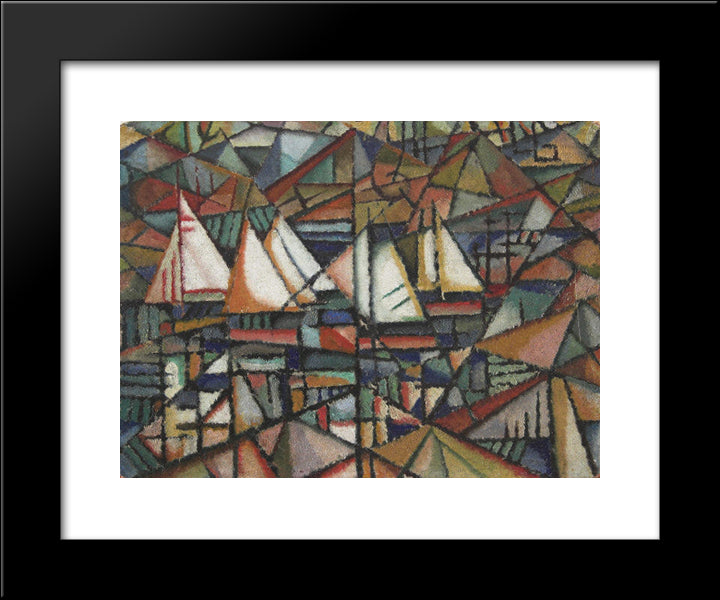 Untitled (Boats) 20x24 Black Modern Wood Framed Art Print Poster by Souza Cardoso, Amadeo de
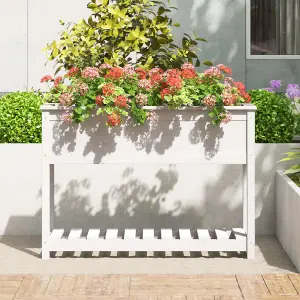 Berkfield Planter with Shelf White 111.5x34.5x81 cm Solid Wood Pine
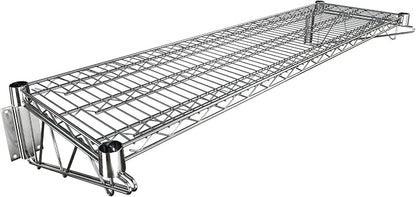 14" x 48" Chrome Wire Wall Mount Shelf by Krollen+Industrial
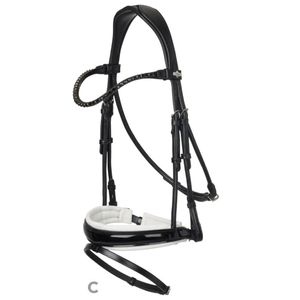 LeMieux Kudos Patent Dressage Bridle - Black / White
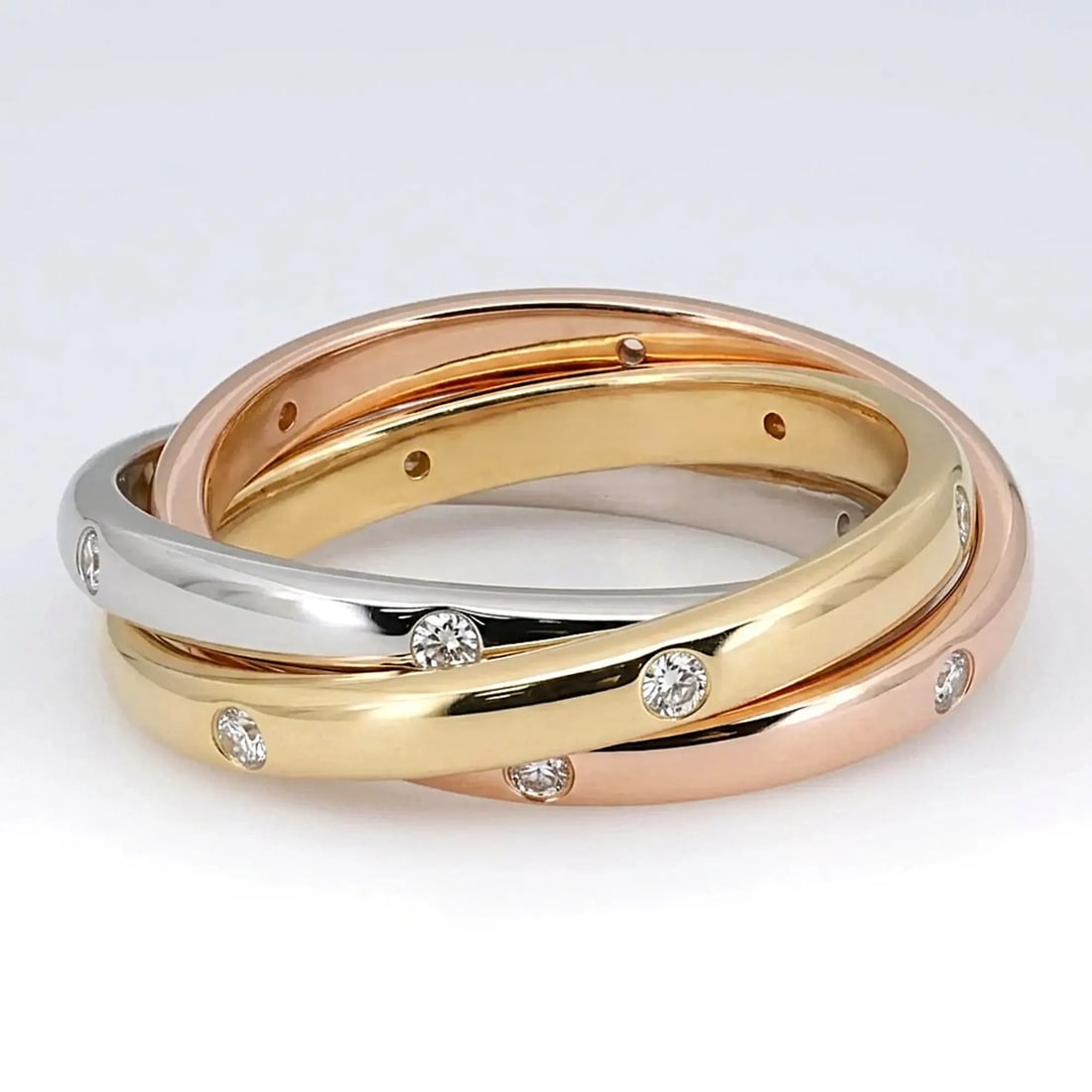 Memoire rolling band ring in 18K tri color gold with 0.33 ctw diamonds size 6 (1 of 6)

-----

Reproduce exactly, and only, the part of the entries above that runs from the line with "LeMieux Kudos Patent" to the last line, both included. Pictures stay out.

__Answer box__:
 LeMieux Kudos Patent Dressage Bridle - Black / White
 Memoire rolling band ring in 18K tri color gold with 0.33 ctw diamonds size 6 (1 of 6)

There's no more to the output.